* [Information shown]
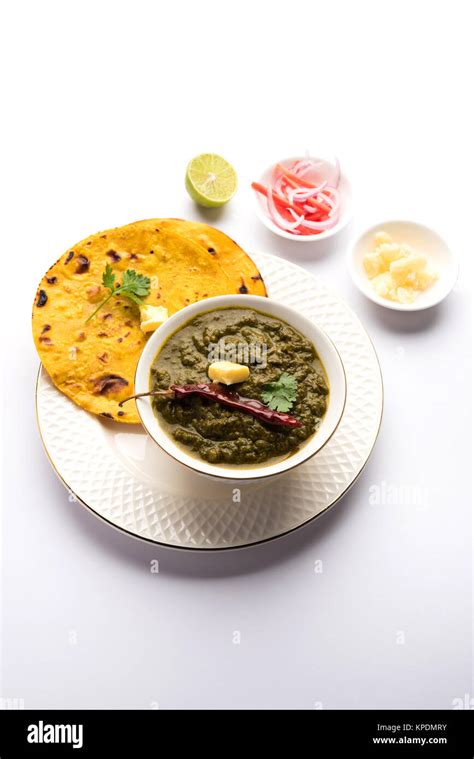 Sarson Ka Saag Makki Ki Roti Popular North Indian Main Course Menu Usually Prepared In Winter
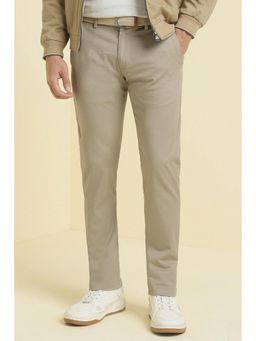 Allen Solly - Men Beige Textured Casual Trousers
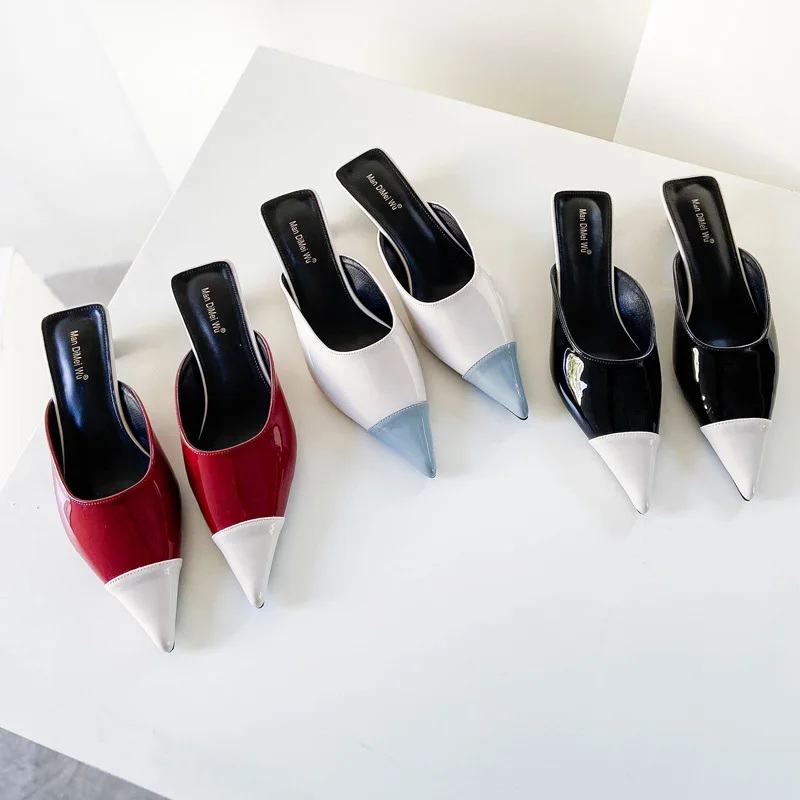 

Мюли женские на тонком каблуке, с острым носком, из лакированной кожи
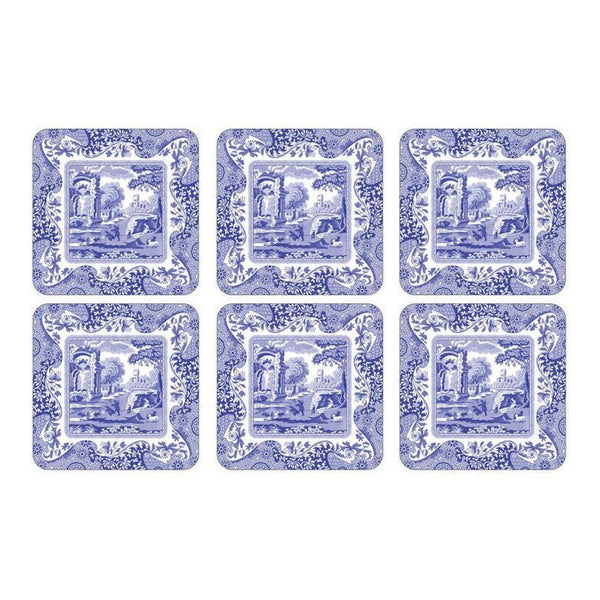 Podkładki korkowe Blue Italian Pimpernel – małe, pod kubki, 6 szt.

* [Problem] From the material above, print everything exactly except the pictures.

* [Exercise response]
 Sarson Ka Saag Makki Ki Roti Popular North Indian Main Course Menu Usually Prepared In Winter
 Allen Solly - Men Beige Textured Casual Trousers

Мюли женские на тонком каблуке, с острым носком, из лакированной кожи
 Podkładki korkowe Blue Italian Pimpernel – małe, pod kubki, 6 szt.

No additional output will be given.